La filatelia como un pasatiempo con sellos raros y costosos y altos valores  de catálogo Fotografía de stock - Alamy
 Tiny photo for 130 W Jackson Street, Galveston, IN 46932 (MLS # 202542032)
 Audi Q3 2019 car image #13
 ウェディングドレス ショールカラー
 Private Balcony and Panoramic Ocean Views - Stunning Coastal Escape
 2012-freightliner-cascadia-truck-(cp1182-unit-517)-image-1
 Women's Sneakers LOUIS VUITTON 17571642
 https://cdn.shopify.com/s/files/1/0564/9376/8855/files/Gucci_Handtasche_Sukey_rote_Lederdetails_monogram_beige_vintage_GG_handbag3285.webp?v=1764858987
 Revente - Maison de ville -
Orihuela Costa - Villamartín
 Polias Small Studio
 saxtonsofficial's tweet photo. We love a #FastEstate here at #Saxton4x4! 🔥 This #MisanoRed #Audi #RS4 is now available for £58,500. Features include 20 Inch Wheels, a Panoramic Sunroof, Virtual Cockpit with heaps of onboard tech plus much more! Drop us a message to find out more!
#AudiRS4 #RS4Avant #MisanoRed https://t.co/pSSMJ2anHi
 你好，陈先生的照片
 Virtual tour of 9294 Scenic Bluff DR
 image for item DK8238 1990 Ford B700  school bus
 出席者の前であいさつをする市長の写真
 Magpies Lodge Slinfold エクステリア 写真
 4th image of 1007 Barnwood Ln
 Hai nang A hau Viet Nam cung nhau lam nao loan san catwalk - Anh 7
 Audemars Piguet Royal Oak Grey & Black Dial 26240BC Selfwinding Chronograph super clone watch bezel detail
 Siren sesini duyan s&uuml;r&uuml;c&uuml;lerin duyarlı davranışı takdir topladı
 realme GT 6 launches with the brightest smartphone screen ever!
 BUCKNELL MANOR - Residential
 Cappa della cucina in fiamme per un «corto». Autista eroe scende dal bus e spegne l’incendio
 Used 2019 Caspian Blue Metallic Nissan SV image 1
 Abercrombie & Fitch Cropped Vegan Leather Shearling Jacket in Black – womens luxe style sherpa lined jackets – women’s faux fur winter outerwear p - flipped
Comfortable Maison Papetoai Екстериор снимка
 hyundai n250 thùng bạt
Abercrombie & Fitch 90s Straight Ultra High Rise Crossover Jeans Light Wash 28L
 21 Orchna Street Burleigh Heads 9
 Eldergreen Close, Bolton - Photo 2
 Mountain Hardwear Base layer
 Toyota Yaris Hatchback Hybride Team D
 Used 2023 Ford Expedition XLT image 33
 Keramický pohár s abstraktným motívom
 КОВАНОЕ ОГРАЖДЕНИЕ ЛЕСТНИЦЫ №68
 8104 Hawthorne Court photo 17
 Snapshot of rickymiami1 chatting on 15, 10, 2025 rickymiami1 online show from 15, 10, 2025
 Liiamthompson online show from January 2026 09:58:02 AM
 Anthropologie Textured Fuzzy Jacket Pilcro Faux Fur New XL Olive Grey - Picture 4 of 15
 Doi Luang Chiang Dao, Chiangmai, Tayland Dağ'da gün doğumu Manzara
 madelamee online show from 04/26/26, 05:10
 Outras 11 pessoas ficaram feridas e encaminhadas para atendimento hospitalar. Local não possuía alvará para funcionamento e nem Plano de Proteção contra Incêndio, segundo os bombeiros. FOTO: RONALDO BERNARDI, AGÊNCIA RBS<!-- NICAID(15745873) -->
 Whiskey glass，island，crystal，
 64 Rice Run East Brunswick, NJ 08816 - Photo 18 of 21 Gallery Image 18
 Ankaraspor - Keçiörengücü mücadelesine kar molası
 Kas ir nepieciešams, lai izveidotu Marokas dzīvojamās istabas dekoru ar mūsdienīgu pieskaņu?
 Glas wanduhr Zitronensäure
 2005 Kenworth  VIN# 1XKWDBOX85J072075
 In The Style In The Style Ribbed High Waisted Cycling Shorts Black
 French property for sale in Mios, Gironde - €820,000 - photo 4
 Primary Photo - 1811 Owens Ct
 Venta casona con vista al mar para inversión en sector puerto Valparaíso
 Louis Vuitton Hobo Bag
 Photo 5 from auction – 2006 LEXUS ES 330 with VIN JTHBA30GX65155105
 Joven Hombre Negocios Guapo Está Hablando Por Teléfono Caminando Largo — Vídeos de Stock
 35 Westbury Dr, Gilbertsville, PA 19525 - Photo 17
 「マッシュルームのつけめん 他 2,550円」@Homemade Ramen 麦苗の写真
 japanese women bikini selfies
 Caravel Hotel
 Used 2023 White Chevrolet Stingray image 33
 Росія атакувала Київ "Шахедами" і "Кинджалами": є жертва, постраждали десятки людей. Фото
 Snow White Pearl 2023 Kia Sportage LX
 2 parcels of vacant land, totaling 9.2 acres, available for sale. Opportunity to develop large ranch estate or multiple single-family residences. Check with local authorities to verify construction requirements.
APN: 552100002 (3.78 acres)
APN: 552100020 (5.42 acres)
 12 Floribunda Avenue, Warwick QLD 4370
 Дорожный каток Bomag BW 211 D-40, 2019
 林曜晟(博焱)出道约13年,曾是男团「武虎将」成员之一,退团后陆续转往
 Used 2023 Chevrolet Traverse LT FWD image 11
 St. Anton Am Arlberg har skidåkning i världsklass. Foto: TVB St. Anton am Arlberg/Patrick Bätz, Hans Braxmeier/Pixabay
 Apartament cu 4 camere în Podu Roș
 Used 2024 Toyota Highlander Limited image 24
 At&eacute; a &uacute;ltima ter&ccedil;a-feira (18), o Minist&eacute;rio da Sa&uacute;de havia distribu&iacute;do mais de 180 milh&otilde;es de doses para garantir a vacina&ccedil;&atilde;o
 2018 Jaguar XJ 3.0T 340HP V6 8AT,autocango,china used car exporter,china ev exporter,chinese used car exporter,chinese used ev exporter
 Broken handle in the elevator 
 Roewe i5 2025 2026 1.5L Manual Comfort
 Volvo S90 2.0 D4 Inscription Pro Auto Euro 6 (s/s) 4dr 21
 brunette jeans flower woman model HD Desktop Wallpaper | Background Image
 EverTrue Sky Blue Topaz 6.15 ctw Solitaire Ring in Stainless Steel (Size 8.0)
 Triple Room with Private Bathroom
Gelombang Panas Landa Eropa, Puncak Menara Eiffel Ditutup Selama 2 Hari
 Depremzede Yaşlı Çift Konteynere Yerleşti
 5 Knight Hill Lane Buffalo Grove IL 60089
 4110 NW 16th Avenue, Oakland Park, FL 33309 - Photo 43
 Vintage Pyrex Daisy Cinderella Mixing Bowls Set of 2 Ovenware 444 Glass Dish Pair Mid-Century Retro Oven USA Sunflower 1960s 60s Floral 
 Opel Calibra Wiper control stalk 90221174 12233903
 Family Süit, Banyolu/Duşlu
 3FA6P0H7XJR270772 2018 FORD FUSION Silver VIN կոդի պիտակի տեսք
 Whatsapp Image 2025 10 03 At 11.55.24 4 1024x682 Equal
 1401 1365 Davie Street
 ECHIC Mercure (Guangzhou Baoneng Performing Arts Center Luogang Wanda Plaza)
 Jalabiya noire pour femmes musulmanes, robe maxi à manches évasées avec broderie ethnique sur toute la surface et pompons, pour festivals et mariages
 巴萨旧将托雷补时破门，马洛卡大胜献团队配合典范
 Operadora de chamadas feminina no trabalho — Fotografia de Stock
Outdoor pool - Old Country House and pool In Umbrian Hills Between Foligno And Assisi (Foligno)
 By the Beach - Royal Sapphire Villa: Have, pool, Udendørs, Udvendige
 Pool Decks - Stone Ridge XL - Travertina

____________________

→ What the task asks:
Precisely reproduce the lines of the entries, beginning at the first and ending at the one containing "BUCKNELL MANOR - Residential". Add nothing.

→ Solution:
La filatelia como un pasatiempo con sellos raros y costosos y altos valores  de catálogo Fotografía de stock - Alamy
 Tiny photo for 130 W Jackson Street, Galveston, IN 46932 (MLS # 202542032)
 Audi Q3 2019 car image #13
 ウェディングドレス ショールカラー
 Private Balcony and Panoramic Ocean Views - Stunning Coastal Escape
 2012-freightliner-cascadia-truck-(cp1182-unit-517)-image-1
 Women's Sneakers LOUIS VUITTON 17571642
 https://cdn.shopify.com/s/files/1/0564/9376/8855/files/Gucci_Handtasche_Sukey_rote_Lederdetails_monogram_beige_vintage_GG_handbag3285.webp?v=1764858987
 Revente - Maison de ville -
Orihuela Costa - Villamartín
 Polias Small Studio
 saxtonsofficial's tweet photo. We love a #FastEstate here at #Saxton4x4! 🔥 This #MisanoRed #Audi #RS4 is now available for £58,500. Features include 20 Inch Wheels, a Panoramic Sunroof, Virtual Cockpit with heaps of onboard tech plus much more! Drop us a message to find out more!
#AudiRS4 #RS4Avant #MisanoRed https://t.co/pSSMJ2anHi
 你好，陈先生的照片
 Virtual tour of 9294 Scenic Bluff DR
 image for item DK8238 1990 Ford B700  school bus
 出席者の前であいさつをする市長の写真
 Magpies Lodge Slinfold エクステリア 写真
 4th image of 1007 Barnwood Ln
 Hai nang A hau Viet Nam cung nhau lam nao loan san catwalk - Anh 7
 Audemars Piguet Royal Oak Grey & Black Dial 26240BC Selfwinding Chronograph super clone watch bezel detail
 Siren sesini duyan s&uuml;r&uuml;c&uuml;lerin duyarlı davranışı takdir topladı
 realme GT 6 launches with the brightest smartphone screen ever!
 BUCKNELL MANOR - Residential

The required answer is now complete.